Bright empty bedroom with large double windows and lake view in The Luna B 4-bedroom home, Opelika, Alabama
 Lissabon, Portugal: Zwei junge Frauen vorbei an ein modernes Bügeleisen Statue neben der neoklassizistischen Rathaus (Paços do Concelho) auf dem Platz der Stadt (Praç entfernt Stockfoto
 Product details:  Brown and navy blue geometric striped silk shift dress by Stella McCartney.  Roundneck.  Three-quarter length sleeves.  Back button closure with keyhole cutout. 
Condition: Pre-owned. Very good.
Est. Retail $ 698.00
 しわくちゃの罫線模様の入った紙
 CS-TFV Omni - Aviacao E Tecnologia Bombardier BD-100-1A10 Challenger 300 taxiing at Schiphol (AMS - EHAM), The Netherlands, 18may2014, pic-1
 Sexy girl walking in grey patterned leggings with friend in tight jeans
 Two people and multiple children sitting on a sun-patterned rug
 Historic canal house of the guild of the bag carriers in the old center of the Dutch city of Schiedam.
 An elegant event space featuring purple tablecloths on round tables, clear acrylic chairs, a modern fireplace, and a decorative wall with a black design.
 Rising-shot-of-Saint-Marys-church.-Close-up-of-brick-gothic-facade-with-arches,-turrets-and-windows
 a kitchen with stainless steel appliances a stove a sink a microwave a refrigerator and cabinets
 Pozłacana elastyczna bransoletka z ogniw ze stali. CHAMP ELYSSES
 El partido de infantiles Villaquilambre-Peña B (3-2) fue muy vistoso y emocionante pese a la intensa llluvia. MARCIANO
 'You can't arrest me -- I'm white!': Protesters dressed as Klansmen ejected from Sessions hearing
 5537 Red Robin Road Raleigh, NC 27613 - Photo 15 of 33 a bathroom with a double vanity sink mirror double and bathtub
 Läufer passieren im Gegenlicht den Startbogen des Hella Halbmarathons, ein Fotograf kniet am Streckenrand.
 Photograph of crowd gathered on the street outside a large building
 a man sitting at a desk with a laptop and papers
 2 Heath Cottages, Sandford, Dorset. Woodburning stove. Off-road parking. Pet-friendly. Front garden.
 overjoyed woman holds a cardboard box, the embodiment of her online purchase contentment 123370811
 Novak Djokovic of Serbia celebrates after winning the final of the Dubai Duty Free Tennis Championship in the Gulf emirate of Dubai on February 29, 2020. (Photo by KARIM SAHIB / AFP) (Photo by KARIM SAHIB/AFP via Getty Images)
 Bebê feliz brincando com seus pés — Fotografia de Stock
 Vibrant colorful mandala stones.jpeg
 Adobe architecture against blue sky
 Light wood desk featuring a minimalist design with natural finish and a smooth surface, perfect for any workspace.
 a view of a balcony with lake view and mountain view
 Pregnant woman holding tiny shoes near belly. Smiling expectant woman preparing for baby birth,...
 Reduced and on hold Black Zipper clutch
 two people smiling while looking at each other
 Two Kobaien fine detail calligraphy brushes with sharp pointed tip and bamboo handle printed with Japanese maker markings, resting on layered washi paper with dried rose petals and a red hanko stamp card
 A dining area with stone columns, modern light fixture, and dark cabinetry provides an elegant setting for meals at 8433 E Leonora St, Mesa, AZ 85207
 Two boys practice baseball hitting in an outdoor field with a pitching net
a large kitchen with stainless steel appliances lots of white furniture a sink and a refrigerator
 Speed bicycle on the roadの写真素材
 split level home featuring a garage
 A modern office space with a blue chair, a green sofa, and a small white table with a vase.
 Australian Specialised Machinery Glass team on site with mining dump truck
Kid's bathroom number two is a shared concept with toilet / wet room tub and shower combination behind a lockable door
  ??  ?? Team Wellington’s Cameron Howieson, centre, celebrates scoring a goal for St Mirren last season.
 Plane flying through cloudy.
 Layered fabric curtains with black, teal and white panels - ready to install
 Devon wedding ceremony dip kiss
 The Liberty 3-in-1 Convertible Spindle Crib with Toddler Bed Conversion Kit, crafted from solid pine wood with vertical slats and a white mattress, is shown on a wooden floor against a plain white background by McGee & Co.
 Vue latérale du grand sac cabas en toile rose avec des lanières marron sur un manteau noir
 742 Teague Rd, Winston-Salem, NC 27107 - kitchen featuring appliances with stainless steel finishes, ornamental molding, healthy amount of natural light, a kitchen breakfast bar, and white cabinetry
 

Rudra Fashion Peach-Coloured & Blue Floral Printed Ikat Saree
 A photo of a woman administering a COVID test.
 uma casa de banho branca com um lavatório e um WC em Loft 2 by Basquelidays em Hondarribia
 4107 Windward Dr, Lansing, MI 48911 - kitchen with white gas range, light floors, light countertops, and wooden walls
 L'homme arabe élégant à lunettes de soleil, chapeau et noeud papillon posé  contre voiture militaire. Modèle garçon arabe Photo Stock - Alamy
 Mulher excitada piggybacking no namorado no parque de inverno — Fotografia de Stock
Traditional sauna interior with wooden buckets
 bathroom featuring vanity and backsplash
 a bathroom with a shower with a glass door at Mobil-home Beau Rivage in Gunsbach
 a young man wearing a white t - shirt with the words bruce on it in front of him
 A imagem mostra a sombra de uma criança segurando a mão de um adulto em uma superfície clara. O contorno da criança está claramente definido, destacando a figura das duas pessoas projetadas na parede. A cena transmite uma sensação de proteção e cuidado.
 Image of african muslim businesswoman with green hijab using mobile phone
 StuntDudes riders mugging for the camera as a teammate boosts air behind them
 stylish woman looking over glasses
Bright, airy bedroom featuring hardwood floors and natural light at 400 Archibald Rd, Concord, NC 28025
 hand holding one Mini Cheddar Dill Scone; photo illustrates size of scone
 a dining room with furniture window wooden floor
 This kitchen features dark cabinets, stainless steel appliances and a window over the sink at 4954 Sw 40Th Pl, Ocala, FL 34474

* [What to do]: In the entries above, find the line with "Condition: Pre-owned. Very good." and the line with "a view of a", then restate word for word both of them and every line between, with nothing more.

* [Solution]:
Condition: Pre-owned. Very good.
Est. Retail $ 698.00
 しわくちゃの罫線模様の入った紙
 CS-TFV Omni - Aviacao E Tecnologia Bombardier BD-100-1A10 Challenger 300 taxiing at Schiphol (AMS - EHAM), The Netherlands, 18may2014, pic-1
 Sexy girl walking in grey patterned leggings with friend in tight jeans
 Two people and multiple children sitting on a sun-patterned rug
 Historic canal house of the guild of the bag carriers in the old center of the Dutch city of Schiedam.
 An elegant event space featuring purple tablecloths on round tables, clear acrylic chairs, a modern fireplace, and a decorative wall with a black design.
 Rising-shot-of-Saint-Marys-church.-Close-up-of-brick-gothic-facade-with-arches,-turrets-and-windows
 a kitchen with stainless steel appliances a stove a sink a microwave a refrigerator and cabinets
 Pozłacana elastyczna bransoletka z ogniw ze stali. CHAMP ELYSSES
 El partido de infantiles Villaquilambre-Peña B (3-2) fue muy vistoso y emocionante pese a la intensa llluvia. MARCIANO
 'You can't arrest me -- I'm white!': Protesters dressed as Klansmen ejected from Sessions hearing
 5537 Red Robin Road Raleigh, NC 27613 - Photo 15 of 33 a bathroom with a double vanity sink mirror double and bathtub
 Läufer passieren im Gegenlicht den Startbogen des Hella Halbmarathons, ein Fotograf kniet am Streckenrand.
 Photograph of crowd gathered on the street outside a large building
 a man sitting at a desk with a laptop and papers
 2 Heath Cottages, Sandford, Dorset. Woodburning stove. Off-road parking. Pet-friendly. Front garden.
 overjoyed woman holds a cardboard box, the embodiment of her online purchase contentment 123370811
 Novak Djokovic of Serbia celebrates after winning the final of the Dubai Duty Free Tennis Championship in the Gulf emirate of Dubai on February 29, 2020. (Photo by KARIM SAHIB / AFP) (Photo by KARIM SAHIB/AFP via Getty Images)
 Bebê feliz brincando com seus pés — Fotografia de Stock
 Vibrant colorful mandala stones.jpeg
 Adobe architecture against blue sky
 Light wood desk featuring a minimalist design with natural finish and a smooth surface, perfect for any workspace.
 a view of a balcony with lake view and mountain view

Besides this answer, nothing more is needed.